Colonialism to Irredentism

Somali nationalism was unknown before the modern era. Populating the dry savannah stretching from the coast of the horn in the north and east to the Ethiopian highlands in the west and then south to the wetter tropical regions of Kenya, the vast majority of Somalis lived as nomadic herders beyond any state authority. Along the coasts lay a string of Sultanates under the tenuous suzerainty of various maritime powers. The city of Mogadishu for example was under the nominal authority of the Sultan of Zanzibar, ruling through a local Somali dynasty.

At the turn of the 20th century four empires will divide the horn of Africa between themselves. Lacking wealth or natural resources, European powers were slow to take interest in the region. The French would be the first, securing the port of Djibouti just because it was a convenient coaling station.
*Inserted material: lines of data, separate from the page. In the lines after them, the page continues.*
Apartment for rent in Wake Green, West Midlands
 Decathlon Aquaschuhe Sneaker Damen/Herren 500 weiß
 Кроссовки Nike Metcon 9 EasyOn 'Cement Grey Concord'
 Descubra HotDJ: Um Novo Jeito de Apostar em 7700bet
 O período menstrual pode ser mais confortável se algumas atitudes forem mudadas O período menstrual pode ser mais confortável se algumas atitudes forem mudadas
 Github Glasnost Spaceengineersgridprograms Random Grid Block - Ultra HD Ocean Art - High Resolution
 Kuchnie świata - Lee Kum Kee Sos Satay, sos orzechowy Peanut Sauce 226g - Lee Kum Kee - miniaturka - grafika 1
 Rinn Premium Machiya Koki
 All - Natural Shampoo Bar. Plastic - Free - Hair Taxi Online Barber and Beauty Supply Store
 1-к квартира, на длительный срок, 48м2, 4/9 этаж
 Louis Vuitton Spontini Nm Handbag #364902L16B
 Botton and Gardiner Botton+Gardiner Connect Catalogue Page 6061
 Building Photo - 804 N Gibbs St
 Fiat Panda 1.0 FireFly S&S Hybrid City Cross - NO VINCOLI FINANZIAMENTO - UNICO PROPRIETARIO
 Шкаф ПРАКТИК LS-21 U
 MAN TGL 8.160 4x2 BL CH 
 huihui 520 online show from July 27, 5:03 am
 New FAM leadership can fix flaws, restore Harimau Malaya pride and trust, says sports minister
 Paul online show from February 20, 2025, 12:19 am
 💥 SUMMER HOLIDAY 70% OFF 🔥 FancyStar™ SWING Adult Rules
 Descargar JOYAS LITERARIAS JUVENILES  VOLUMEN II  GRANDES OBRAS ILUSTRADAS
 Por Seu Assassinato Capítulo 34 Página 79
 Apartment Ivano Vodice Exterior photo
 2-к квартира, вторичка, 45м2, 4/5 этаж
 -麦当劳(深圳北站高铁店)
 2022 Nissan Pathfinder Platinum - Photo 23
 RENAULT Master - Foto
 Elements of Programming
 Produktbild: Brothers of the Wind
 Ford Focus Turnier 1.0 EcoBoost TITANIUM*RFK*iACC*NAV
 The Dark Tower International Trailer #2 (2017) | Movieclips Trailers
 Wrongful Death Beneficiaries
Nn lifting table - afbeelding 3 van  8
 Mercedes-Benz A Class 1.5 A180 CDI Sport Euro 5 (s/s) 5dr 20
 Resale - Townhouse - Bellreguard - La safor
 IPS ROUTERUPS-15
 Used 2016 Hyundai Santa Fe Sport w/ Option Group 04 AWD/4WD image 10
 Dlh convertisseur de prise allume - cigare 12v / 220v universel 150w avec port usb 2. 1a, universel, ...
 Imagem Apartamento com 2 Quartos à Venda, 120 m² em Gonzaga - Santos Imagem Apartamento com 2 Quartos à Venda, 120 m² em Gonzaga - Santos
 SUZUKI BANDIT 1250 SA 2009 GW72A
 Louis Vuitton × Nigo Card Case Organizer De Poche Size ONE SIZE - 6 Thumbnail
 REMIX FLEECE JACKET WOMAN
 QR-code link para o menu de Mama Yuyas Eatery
The UK would occupy the northern towns of the horn, because there they could buy livestock cheaply to supply Aden. Southern Somalis also found themselves under the administration of Britain's Kenya colony. The Italian’s came later, they wanted colonies, any colonies, and there wasn’t much else to take. The fourth empire was Ethiopia, which in 1897 extended its rule over the nomads of the western Ogaden after some deft political maneuvers between them and the British. The borders they set between themselves still define the political contours of the region.



Fig 3: Colonial rule in the horn of Africa. Somalis found themselves split between five territories, the Ethiopian Empire, British Kenya, French Somaliland, British Somaliland, and Italian Somaliland:


Up to this period there was little sense of Somali unity, and the expansion of colonial administration met little organized resistance*. While Somalis shared a religion, language, and even a sense of kinship, they put more importance on local identities than any ideal of unity.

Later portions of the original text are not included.